3. Homosexuals Are at Elevated Risks of Depression, Anxiety, and Substance Abuse Disorders

And now my deepest, darkest secrets and a bit of capitulation to what Fischer writes, because queer people are at elevated risks of depression, anxiety, and substance abuse -- but not because we're queer. Rather, it's because of the culture of fear and hatred that I mentioned earlier.

My freshman year of high school was hell, and I mean that as literally as I can mean it. My queerness radiated out of me; I was about as obviously gay as a kid can be, meaning effeminate or swishy. Though I tried to butch it up and hide my gayness, my body betrayed me, and my peers punished me mercilessly for it. I was pushed down flights of stairs, punched in the hallways, and called every name you can imagine. I had exactly zero friends, and gym class was the absolute worst (if this sounds too stereotypical to be true, trust me, it's true).

In the locker room I was tortured -- slapped, beaten, held down while the boys hosed me down with their spray-on deodorants -- and I did whatever I could to avoid going to class. I remember coming home from school each afternoon, and because I was too chicken (and loved my family too much) to kill myself (though I thought about it constantly), I would dream up other ways to escape having to go to gym. Some days I would squeeze my wrist tight in the vice in my father's basement workshop and then bang one of his wrenches down, hoping I could break my arm. Other days I would stand at the top of our basement steps, dizzy from the height, and try to summon the courage to throw myself down them and win myself a broken leg. But, in the end, I couldn't do it.

These are things I've never said out loud to more than one or two people. If and when my mother reads this, it will break her heart into a thousand pieces, but it's the truth. Yes, Bryan Fischer, you're right: I was spectacularly depressed. Yes, I was undeniably suicidal. But it wasn't because I was gay. It was because I was tortured for being gay and thought there was no other choice, that I had no other options than to disfigure, hate, or kill myself in order to survive in this world.

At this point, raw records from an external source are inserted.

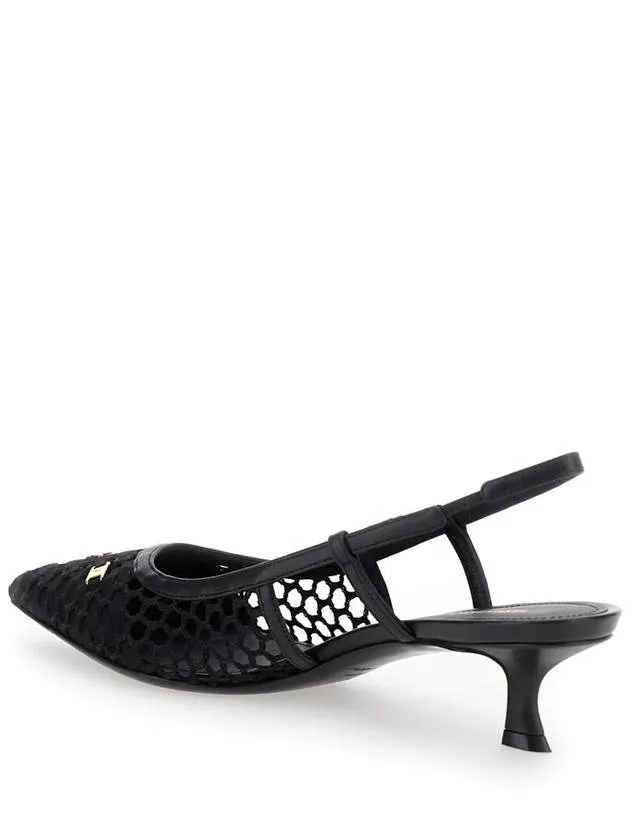 'Clizia' Black Slingback Pumps With Logo Detail In Mesh And Leather Woman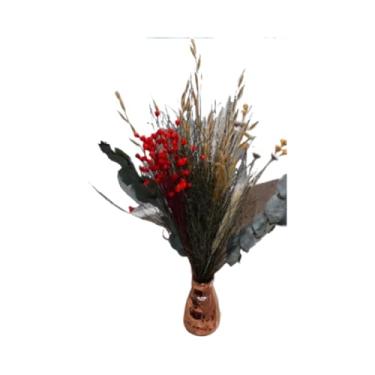 Imagem de Buquê De Eucalipto – Arranjo Floral Seco, Adequado Para Presentes, DecoraçãO De Interiores E Arranjos De Mesa(VERMELHA)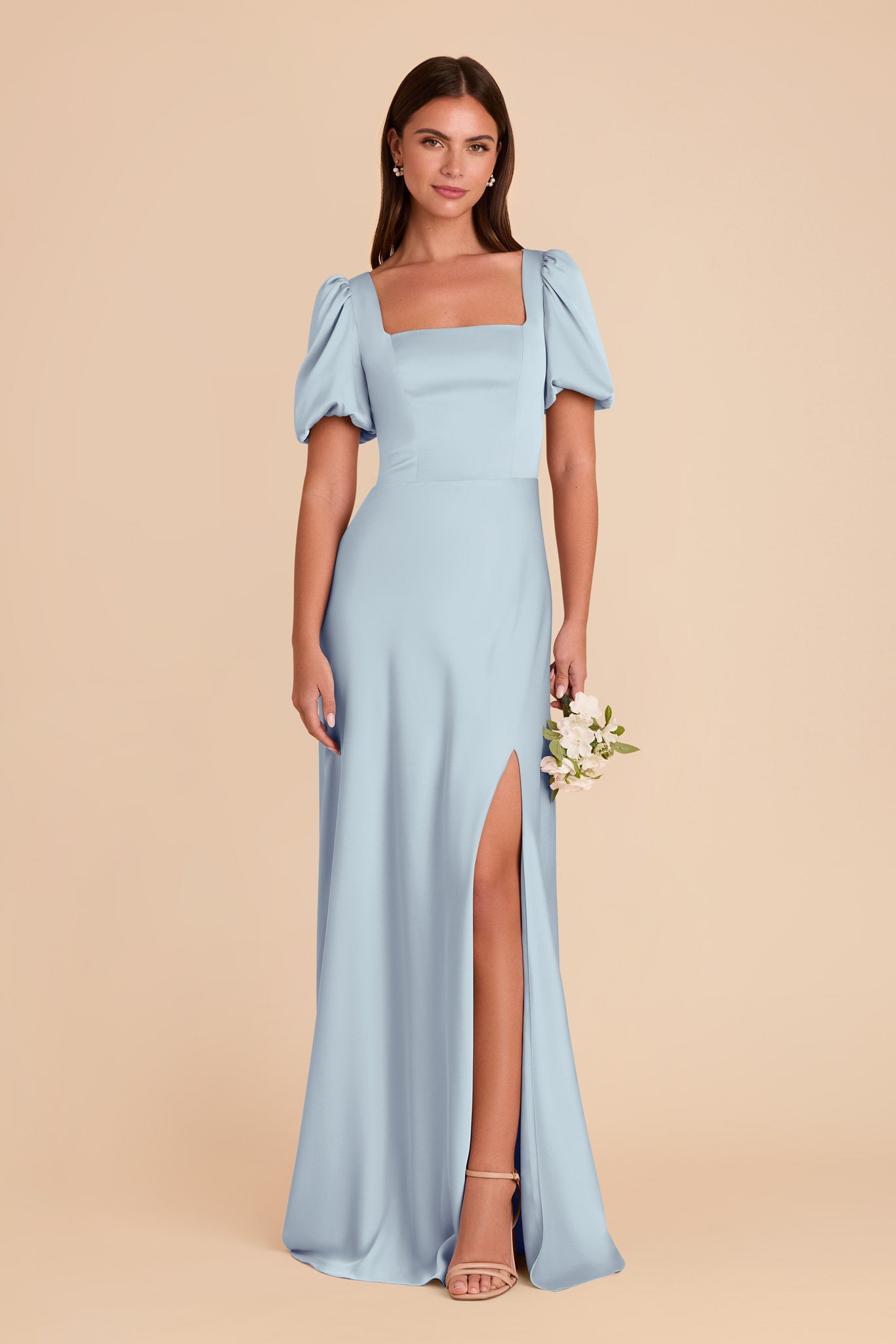 Matte Satin Dress with Square Neckline | Judy Mist Blue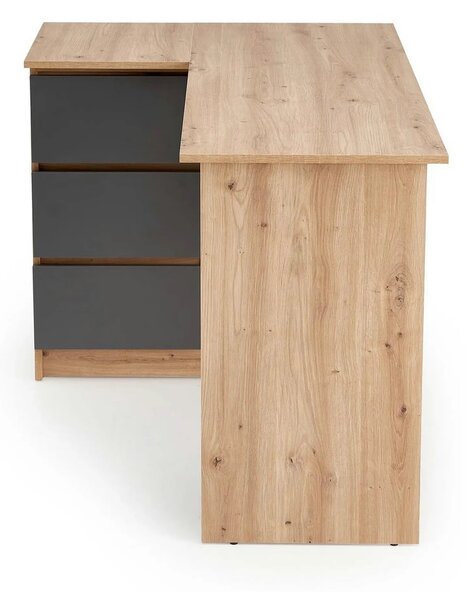 Birou BEGA, stejar artisan/gri grafit, PAL laminat, 124x85x76 cm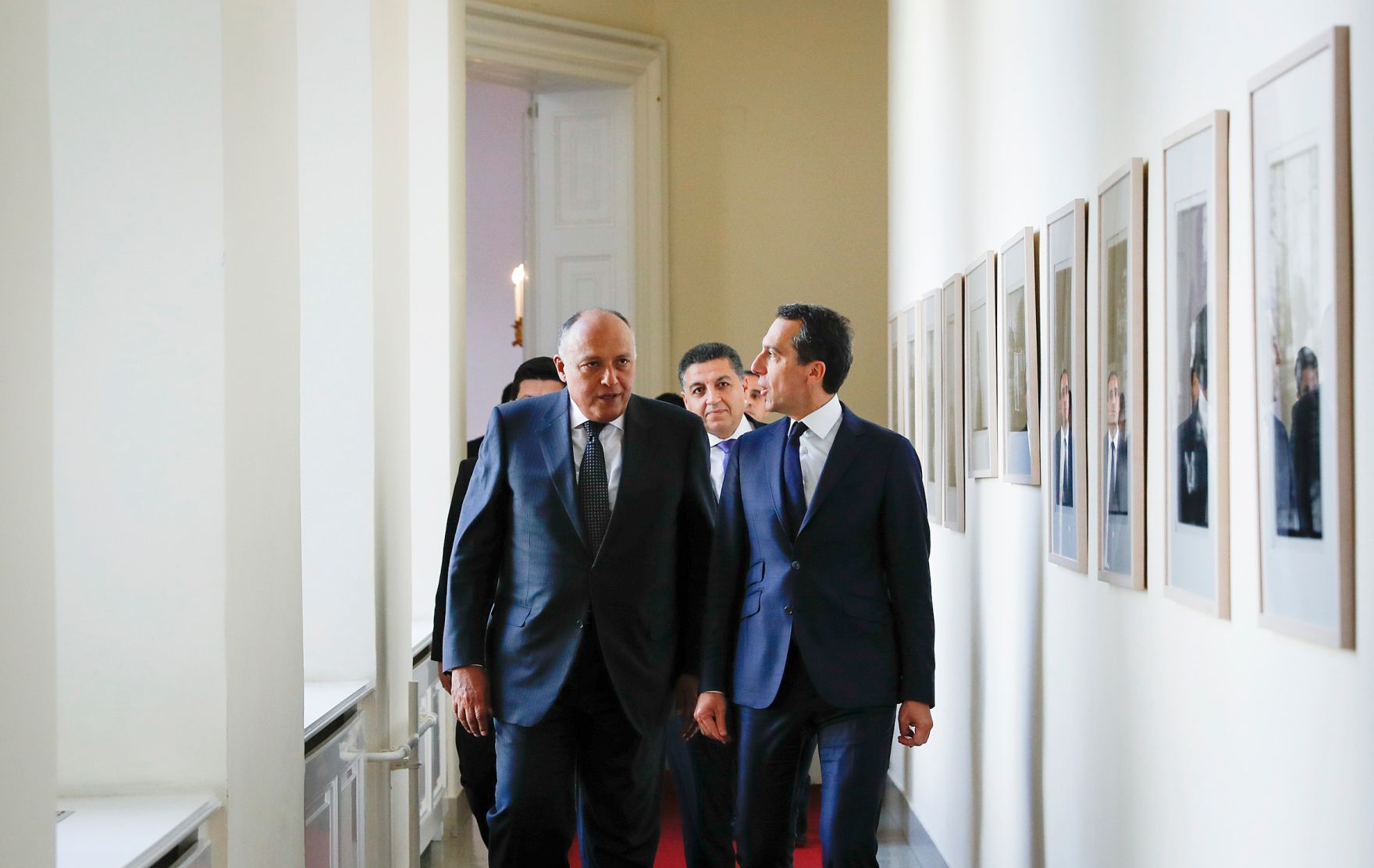 Am 14. Oktober 2016 empfing Bundeskanzler Christian Kern (r.) den &auml;gyptischen Au&szlig;enminister Sameh Hassan Shoukry (l.) zu einem Arbeitsgespr&auml;ch im Bundeskanzleramt.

That was exactly 20 years ago, and a lot has changed, but queer kids are still killing themselves. Lesbians are still being mutilated. Queer parents are still having their children stolen from them. Transgender people are still being murdered. And it's because anti-queer -- and, yes, hateful -- rhetoric has very real consequences.

I stand with my queer brothers and sisters and denounce the terrible act that took place at the Family Research Center on Wednesday, but I also say enough is enough. Our deep, dark secrets -- and those who hope to use them against us and continue to foster a society where we are demonized, and where words and acts against us are legitimized and protected -- only have as much shame as we give them. What we need now, more than ever, is to start telling our stories and refusing to be told that what we are is damaged, in need of a cure, or evil.